Pubblicato il 24/02/2024 da alnao nella categoria Java & Spring Boot

Una delle evoluzioni principali dalla versione 8 di Java è stata l’introduzioni delle “Lambda Function” dette anche “Java Lambda Expression” che permettono di scrivere del codice senza dovergli dare un nome (metodo o classe), le possibili sintassi di questa tecnica prevedono 3 tipi sinonimi a seconda del numero di parametri e del numero di istruzioni nel blocco:

parameter -> expression
(parameter1, parameter2) -> expression
(parameter1, parameter2) -> { code block }

Il caso più semplice e più usato è l’uso delle lambda function per definire l’iterazione di una lista:

import java.util.ArrayList;
public class Main {
  public static void main(String[] args) {
    ArrayList<Integer> numbers = new ArrayList<Integer>();
    numbers.add(5);
    numbers.add(9);
    numbers.add(8);
    numbers.add(1);
    numbers.forEach( (n) -> { System.out.println(n); } );
  }
}

Ma allo stesso modo è possibile definire un oggetto “codice”:

import java.util.function.Consumer;
...
Consumer<Integer> method = (n) -> { System.out.println(n); };
numbers.forEach( method );

Si rimanda alla documentazione ufficiale, il quick start presentato dal sito ufficiale e alla pagina w3c per maggiori dettagli.

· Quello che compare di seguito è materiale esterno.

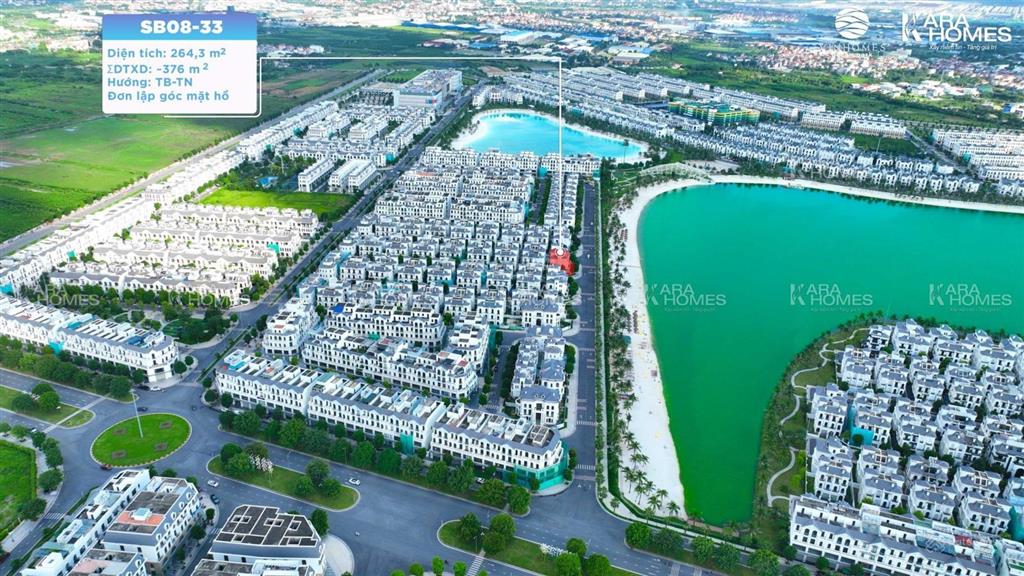 Bán biệt thự đơn lập góc 264m2 view biển hồ đẹp nhất dự án vinhomes ocean park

L’uso di questa tecnica è usato in moltissimi casi specifici, si elencano alcuni esempi dove il codice classi può essere sostituito con questa tecnica:

  • definizione del comportamento di un bottone:
    bottone.setOnAction(
      event -> System.out.println("Click done")
    );
  • filtri con ciclo for:
    public List<Persona> getMaschi(iscritti){
      List<Persona> persone = new ArrayList<Persona>();
      for (Persona p:iscritti)
        if (isMaschio(p))
          persone.add(p);
      return persone;
    }
  • filtri con metodo:
    Predicate<Persona> allMaschi = p -> p.getSesso().equals("M");
    public List<Persona> getIscrittiFiltratiPer(Predicate<Persona> pred){
      List<Persona> persone = new ArrayList<Persona>();
      for (Persona p:iscritti)
        if (pred.test(p))
          persone.add(p);
      return persone;
    }
    ms.getIscrittiFiltratiPer(allMaschi);
  • logiche annidate sulle liste con filter e map:
    lista.stream()
    .filter( p -> p.getGender() == Person.Sex.MALE) //filtrare elementi di una lista
    .map(p -> p.getEmailAddress()) //funzione map per modificare un elemento
    .forEach(email -> System.out.println(email));
  • definizione di interfacce funzionali:
    package java.awt.event;
    import java.util.EventListener;
    public interface ActionListener extends EventListener {
      public void actionPerformed(ActionEvent e);
    }
  • runnable block:
    public class RunnableTest {
      public static void main(String[] args) {
        System.out.println("=== RunnableTest ===");
        Runnable r1 = new Runnable(){// Anonymous Runnable
        
        @Override
        public void run(){
          System.out.println("Hello world old style!");
        }
      };
      // Lambda Runnable
      Runnable r2 = () -> System.out.println("Hello world with Lambda!");
        r1.run();
        r2.run(); 
      }
    }

La tecnica delle Lambda Function è stata introdotta per semplificare la vita dei programmatori, assieme alla tecnica delle classi innestate, questa tecnica è molto utile e usata tuttavia spesso rende il codice molto meno leggibile e l’utilizzo deve sempre essere pensato, si rimanda alla pagina ufficiale che consiglia quando usare e quando non usare queste tecniche.

Una nota obbligatoria è il nome di queste funzioni: “Lambda Function” e “Lambda Expression” sono nomi usati anche da altre tecnologie, come le lambda function di AWS, per questo motivo è sempre consigliato usare il nome con il linguaggio di programmazione “Java Lambda Function” per evitare fraintendimenti, poi ovviamente è possibile usare “Java Lambda Function” per definire delle “AWS Lambda Function” ma questa è una sega mentale di noi programmatori che lavorano con Java in Cloud.